Ken McCorry wrote "The H-21 class was the biggest on the PRR until the H-39 came along in 1960. Since the import ore business started in Phila in 1954 my educated guess would be H-21'a , GLa, H-31, H-35. The PRR knew the H-21 fleet was close to the end of it's economic life in the early 50's. They built or purchased the H-35 in 1956 as a possible replacement for the H-21 fleet. The H-36 and H-37 class were also built as a possible replacement. While most railroads would build a few cars for a test the PRR did it in a big way buying 1000-1500 of some of the pre H-39 classes. By the end of the 50's the 70 ton car was the norm and the H-39 became the replacement for the H-21. The ore business also showed the weakness of hopper doors keeping ore inside the car so thats one of the reasons the G-38's were built. When pellets became the norm the steam lance holes in the 38's would leak a steady stream of pellets along the right of way. The G-38 also cubed out with pellets before it weighed out therefore the G-39 class.

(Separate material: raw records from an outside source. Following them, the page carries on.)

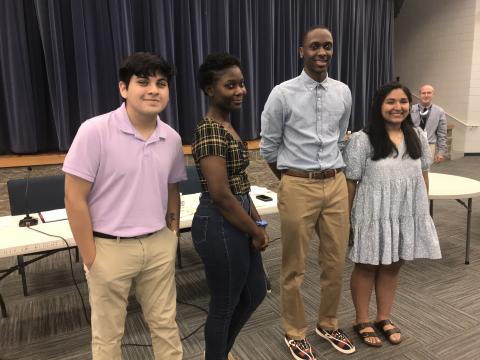 REACH award winners at Monday’s BOE meeting are (L-R): Angel Castillo, Myiah Davis, Korbin Eberhardt and Melanie Guerreo Blanco. Kimberly Segura, another award winner, is not pictured. (Photo by Jones)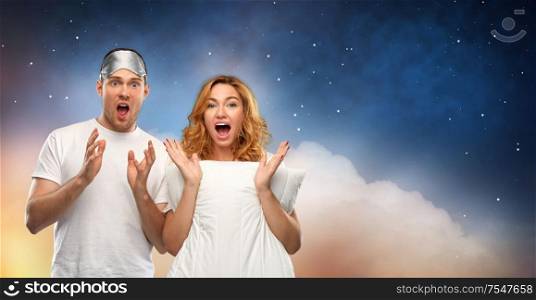 relationships and people concept - scared couple in white t-shirts with eye sleeping mask and pillow over starry night sky background. couple with eye sleeping mask and pillow at night
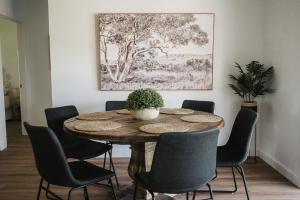 a dining room with a wooden table and chairs at Figo Place in Benalla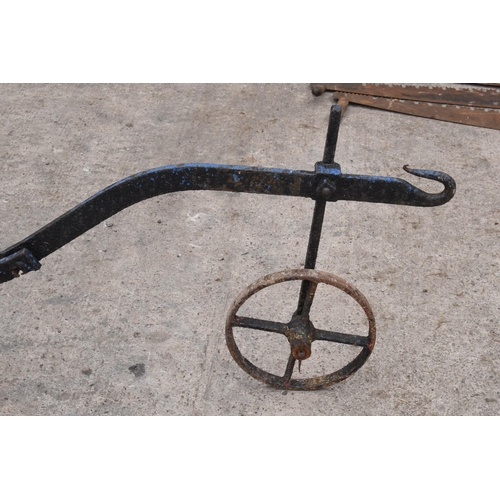 326 - Antique cast-metal garden plough, 260cm long. Working wheel.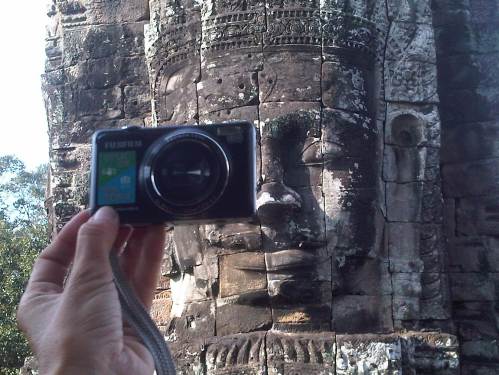 I am made of stone and I'm on everybody's picture when visiting Cambodia's Angkor temples... Who am I ?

Ben Hom adds "Ken's guess is an excellent one, though the numbers of Class H31 (704 cars in 1953) and H35 (zero cars in 1954 - 2000 cars built in 1956) cars are far, far fewer than the other two classes (H21a 32,258, GLa 25,610 in 1955). Film shot by Clarence Weaver of the Shamokin Branch ore train in 1951-1952 show a predominance of Class H21a and GLa hoppers with a few foreign road hoppers appearing here and there (NYC, B&O, C&O). In fact, eastern roads that had ore traffic chose to use hoppers instead of purpose built ore cars until the 1960s, when they purchased specialized ore cars. In fact, the Bessemer and Lake Erie rated their offset triple hoppers (modeled accurately by the Ulrich offset triple in HO) at 90 tons, equipping their cars with heavy duty trucks with outside clasp brakes and using them in both coal and ore service. "

Dave Hopson notes "The Sept. 1962 of issue Trains magazine has a great article on PRR's ore traffic. It's required reading for the PRR fan."

Domestic Ore

According to the May 1954 issue of The Pennsy, "Iron ore complements coal as a big producer of freight tonnage and revenues for the PRR. Coal is the chief commodity carried in hoppers to the ports on the Great Lakes and te Atlantic where the Railroad has huge handling facilities for both commodities. There the same cars are loaded with ore on return trips to steel mills in New York, Pennsylvania, New Jersey, Maryland, West Virginia, Ohio, Indiana and Illinois. Iron ore furnished 21,740,507 tons of traffic -- 10.5% of total freight tonnage -- or 4.33% of total freight revenue." 

The video, The Ore Train, from Penn Valley Pictures, is the defacto reference for domestic ore train traffic. It follows an ore train from the docks on Lake Erie to Northumberland -- a one locomotive, level route -- and then on to Mt. Carmel for handoff to the Lehigh Valley railroad. This last leg is a 27-mile jaunt up a steep grade. The ore trains typically had two I1 class locomotives at head and two more I1 class locomotives pushing.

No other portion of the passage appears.